Kelley and Lange commend Reynolds for his humility both on and off the court.

Kelley said that Reynolds helped one of his teammates, Amherst College sophomore center Will Scherer, improve by feeding the ball and encouraging him to get involved on offense.

“I don’t think Will Scherer ever had a player of Erik’s magnitude encourage him or believe in him,” Kelley said. “Erik’s greatest 

contribution might have been getting Will to believe in himself.”

Kelley said he was curious to see if Reynolds was still the same person off the court that he was while he attended Bullis. According to Kelley, he has not changed a bit.

“He is the humble superstar,” Kelley said.

According to Lange, Reynolds is as respected as anyone in the program.

“He’s gracious. He’s unselfish. He’s respectful,” Lange said. “He doesn’t think he’s more important than anyone.”

Lange said Reynolds is not afraid to keep the team accountable for their on court results, as well as the way they approach practice every day.

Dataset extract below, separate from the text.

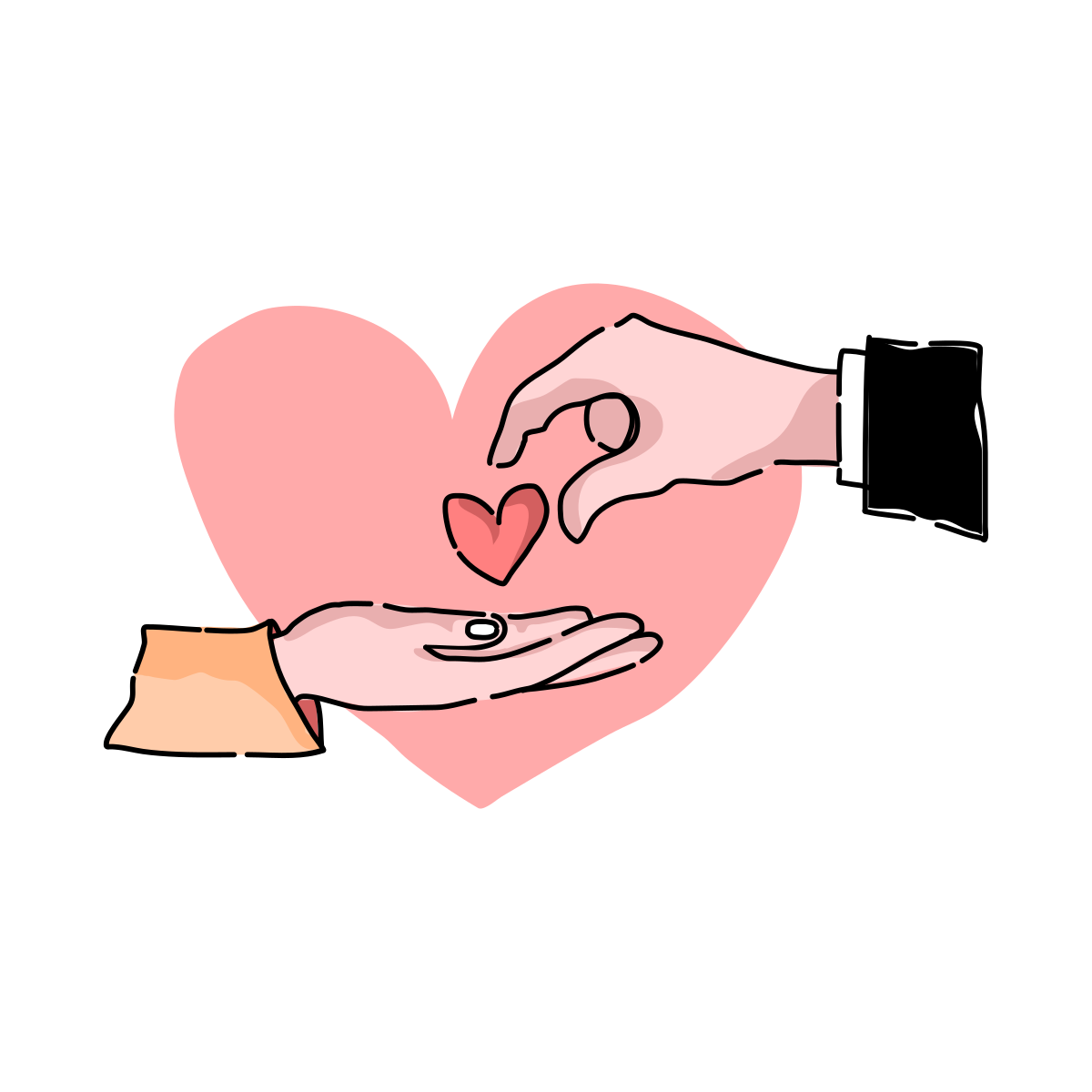 Ilustrasi Donasi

“When you go through a program for 18 to 24 months, you start to take hold of the locker room,” Lange said. “He holds himself to a high standard of accountability. So he doesn’t have a problem doing it to other people, but he always does it in a respectful way.”

Reynolds playing in Argentina gave him more than just an opportunity to improve as a basketball player. It also gave him memories with friends that he’ll never forget, noting that some One on One teammates were old friends — collectively able to laugh about the cold temperatures and play good basketball.

“So those are the little things,” said Reynolds. “It wasn’t really anything huge, but just like the little moments that kind of added up a lot for me. That’s what I appreciated.”